The outcome of this approach, he says, will be the ability to do the above in a matter of hours, rather than days, for traditional media delivery. The company will use the "cloud bursting" capability of HP Helion's CloudSystem technology to make use of HP's public cloud when peak demand requires additional capacity.
Furthermore, security risks to companies' high-value content is growing, and HP gives organisations the ability to create high-security cloud zones for media management and content distribution, delivering the full flexibility of a digital enterprise while mitigating the risk. "The converged cloud approach will fundamentally change how we support our customers as we go to market with our products," Herbert says.
Efficiency and scalability
Second, HP's cloud solution will help the company "redefine the boundaries of its global enterprise, while still being highly efficient and scalable", says Herbert. "Because we support several entities across 90 countries, we need to collaborate and coordinate decision-making on a moment-to-moment basis." The company will now be able to efficiently and flexibly manage and support customer requirements for the delivery of marketing, promotional and production content, managing several million media files across its worldwide ecosystem, he adds.

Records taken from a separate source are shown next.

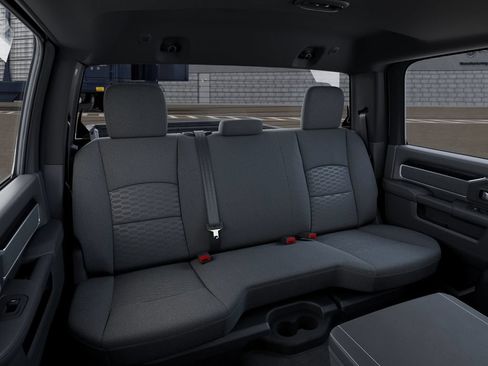 New 2025 RAM 2500 Big Horn AWD/4WD image 16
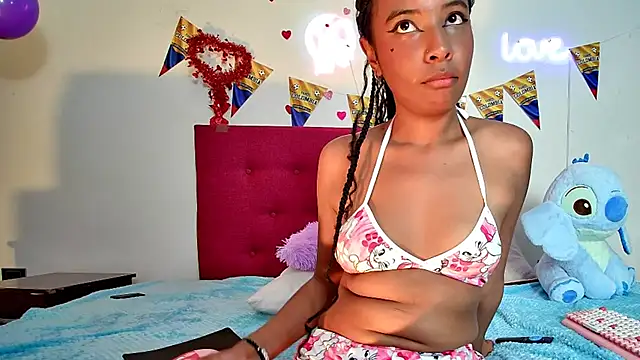 Ellie_Cute7 live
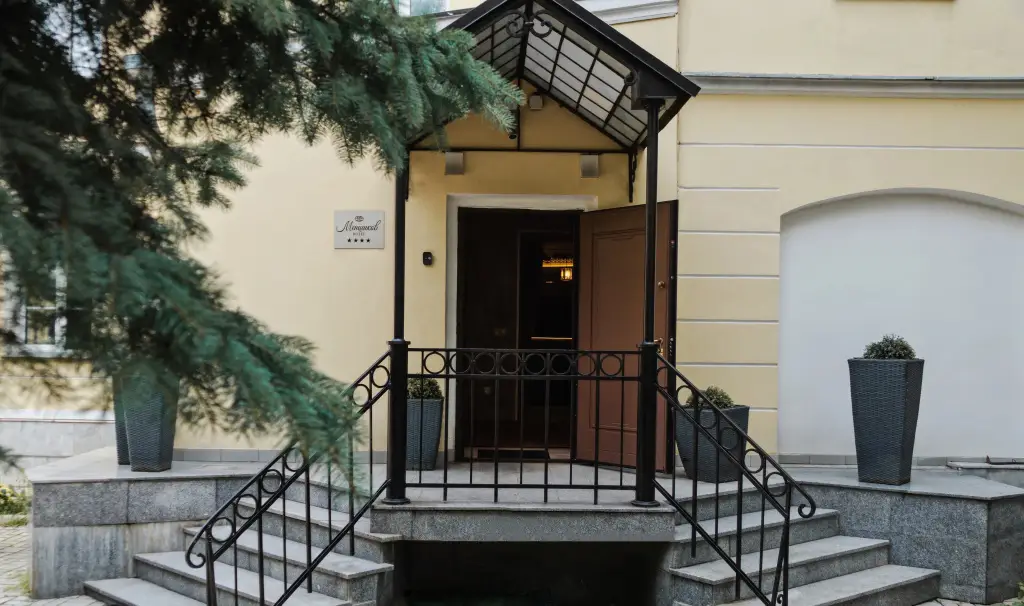 Москва: Отель Меншиков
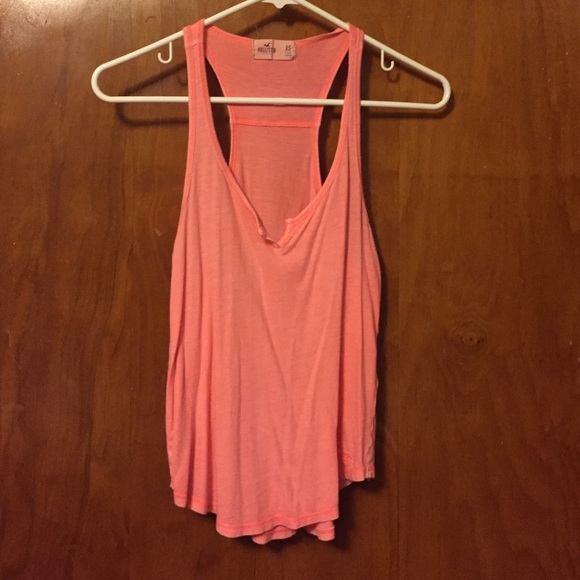 Hollister Tank
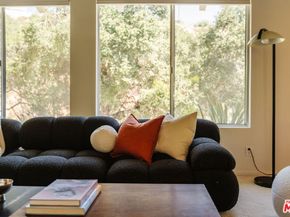 1728 Royal Boulevard, Glendale CA 91207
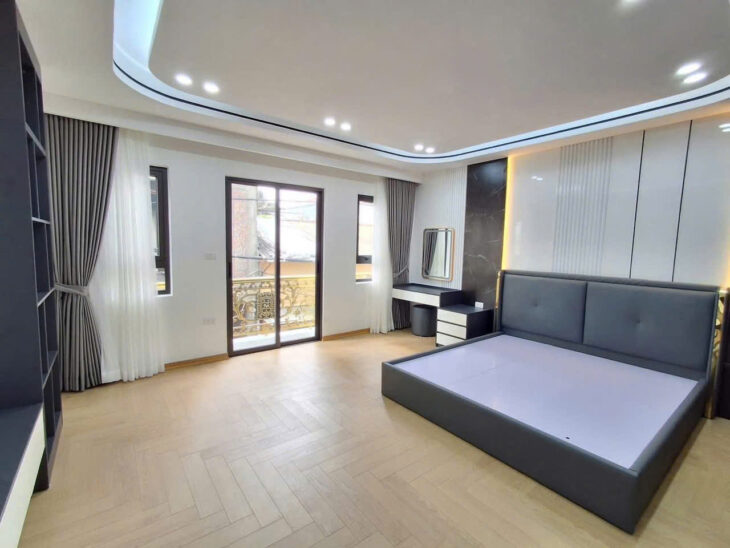 BÁN NHÀ PHÂN LÔ XUÂN LA, 55M² x 7 TẦNG THANG MÁY MT 4.5M – GIÁ 15 TỶ, Ô TÔ, KINH DOANH. 0968669247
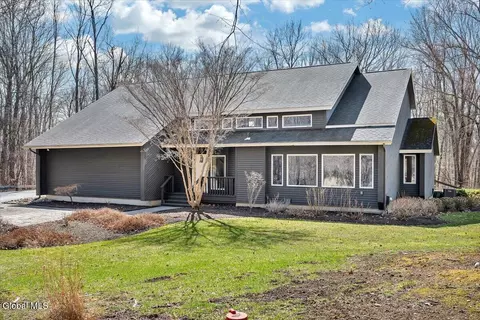 212 Mannix Rd, East Greenbush, NY 12061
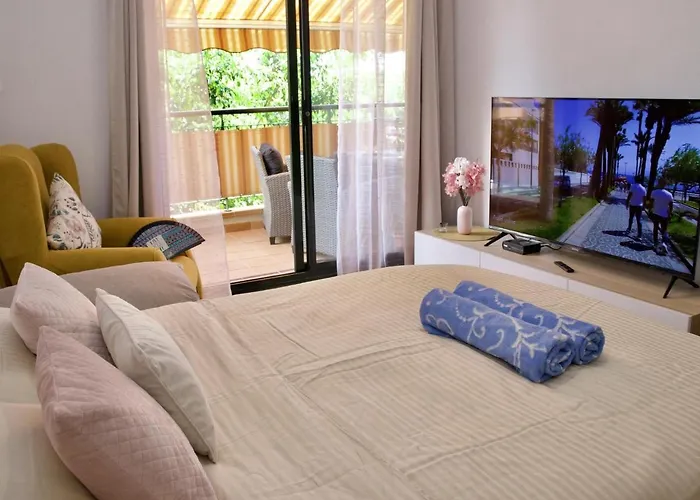 Apartment Duque Beachside Elegance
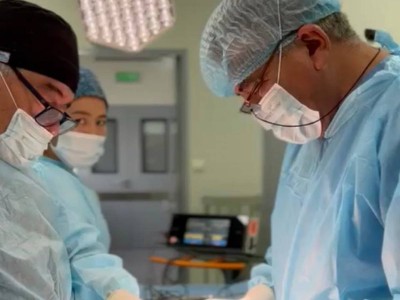 
                    Хирурги Алматы успешно провели сложную операцию ребенку с редкой врожденной патологией
                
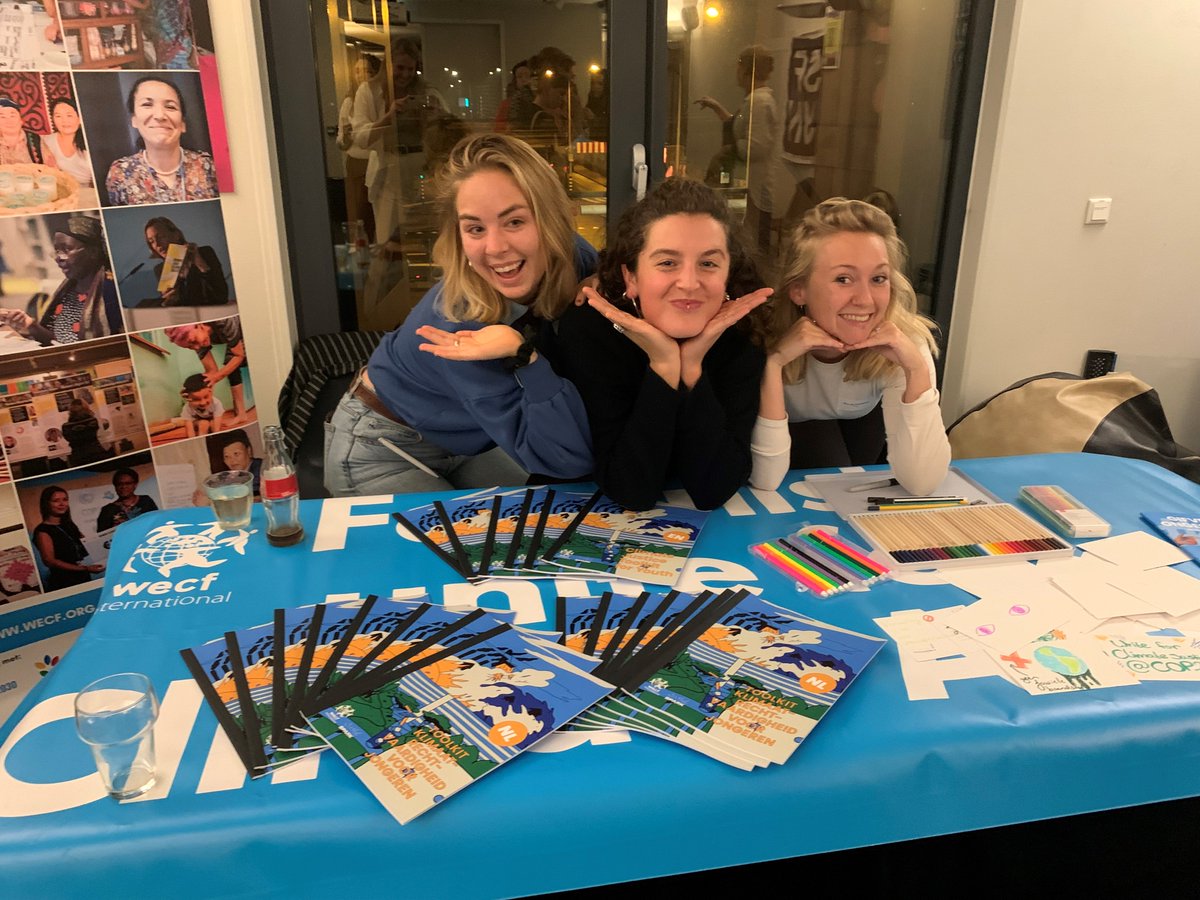 Gister stonden we bij het @NJRtweets event "Je bent jong en je wilt wat" met onze toolkit voor klimaatrechtvaardigheid 🌍🔥

Ben je jong en wil je nou ook zo'n toolkit? Klik dan hier: wecf.org/climate-justic…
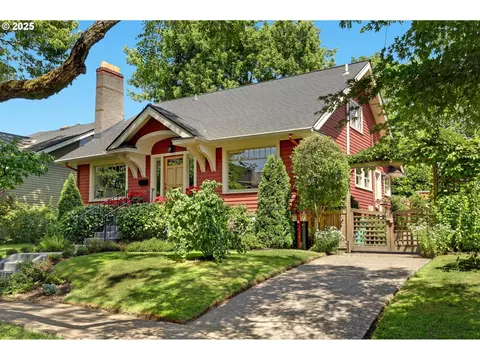 1351 SE Flavel St, Portland, OR 97202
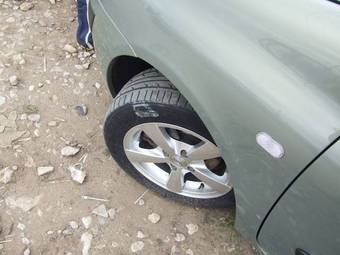 2004 Renault Clio Pictures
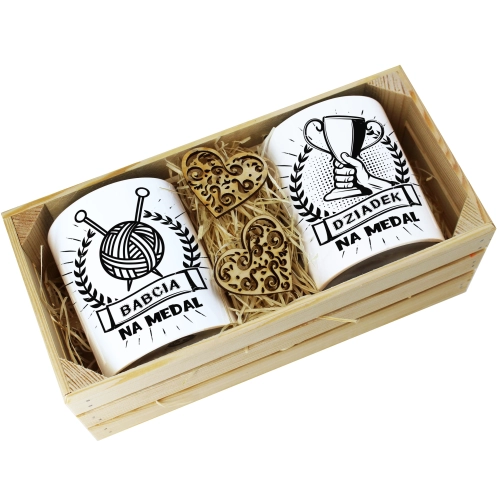 PREZENT ZESTAW KUBKI BABCIA DZIADEK W SKRZYNCE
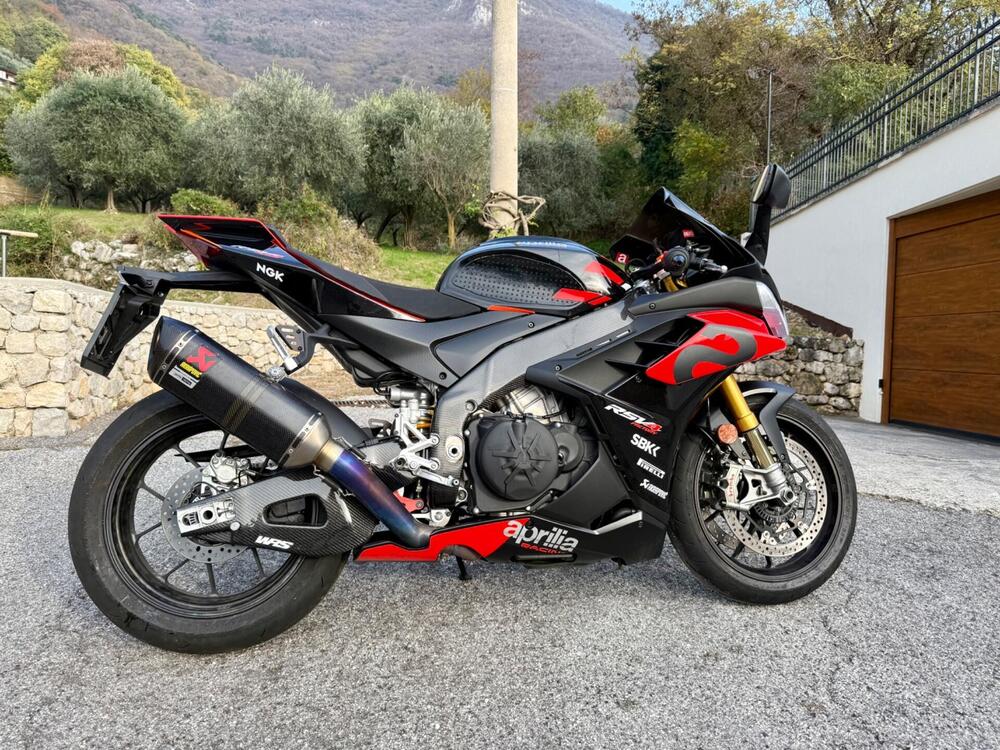 Aprilia RSV4 1100 Factory (2021 - 24) (4)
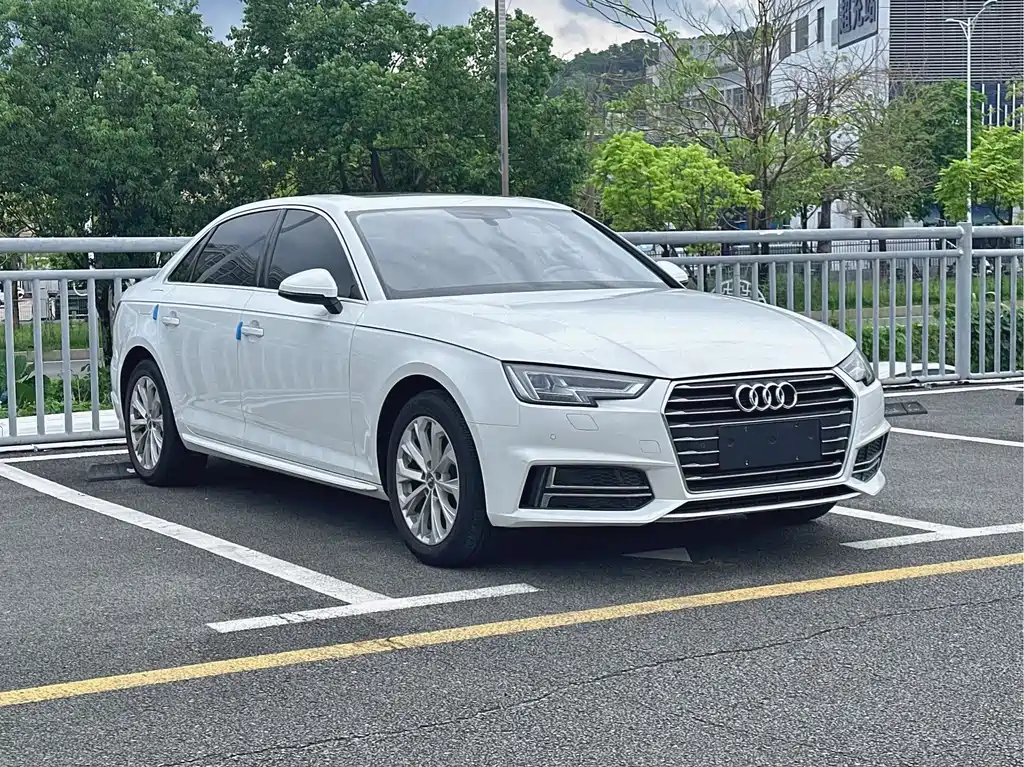 Audi A4L 2020 — фото 3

Third, a converged cloud approach will allow 20th Century Fox Film's IT department to better align itself with the business. "We aim to reverse the 'operations versus innovation' ratio, shifting more resources to creating new applications and services that drive business results," according to Herbert.
With HP Helion, the company plans to cut compute and storage provisioning times from five weeks to 15 minutes, reduce the cost and footprint of its data centres by 70 per cent, drive real-time consumption and capacity monitoring, as well as provide a transparent and competitive cost structure that will be rate-card driven.
"By transforming into a cloud-enabled enterprise we are delivering the scalability and agility our business partners demand. In addition to media management, this highly efficient, cost-competitive cloud solution provides an ideal environment to support our internal cross-divisional customer needs," Herbert concludes.